When I had my daughter, I knew I had to do everything in my power to raise a self-confident, self-assured woman who didn’t feel the way I have always felt. I’ve read everything there is to read about what not to do or say to a young girl so that she develops self-love and security within herself. The thing is, I have the most wonderful mother who has always made me feel important, worthy and who worked tirelessly to instill confidence in me throughout my life, and I still turned out the way I did. I have been told that my insecurities stem from abandonment issues or came from a time in my teenage years when I was trying to find my place in the world.

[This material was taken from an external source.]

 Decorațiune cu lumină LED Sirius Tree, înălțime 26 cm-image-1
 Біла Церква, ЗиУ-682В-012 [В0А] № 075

But I can tell you here and now that I have memories (that are clear as day) from elementary school, before my dad left and I lived a seemingly normal childhood, where I judged my appearance, questioned my place in life and just felt crappy about myself. Where did those insecurities come from and how do I protect my daughter from developing them?

The Ugly Truth

Here’s the thing, as I struggle in my personal battle with insecurities, my daughter is old enough now to see how I treat myself as a woman. I’d be lying if I said she hasn’t walked in on me staring at myself in the mirror as I stand in my underwear, picking my thighs apart and lift my breasts up. That she hasn’t heard me say how I wished I was thinner, had thicker hair or clearer skin. That she hasn’t asked me why I work out so much even when I’m sick or sore from the day before. But the truth is she has heard me put myself down, analyze myself and pick out my flaws. It’s not just vanity driven either… I have talked about my role in our family, my career goals and failed dreams in front of her (not on purpose mind you). The ugly truth is that even if I say everything I need to say to my daughter and praise her and build up her self-esteem, setting an example with how I view myself in front of her speaks volumes.

I’m aware that I can’t hide everything from my growing daughter but an honest effort on my part needs to be made. She will be 10 this year and is increasingly more curious in her knowledge of a young girl’s role in life. I’m trying to raise the most confident woman I can, and even though she is absolutely different than I ever was, instilling the basic fundamentals in self-esteem and security within her is so extremely important to me. The struggle is real though, because as a parent, in order to set an example of self-love, I first need to address the bigger problem that is my insecurity itself. And honestly, I still go to bed at night praying that one day I will wake up and just feel better.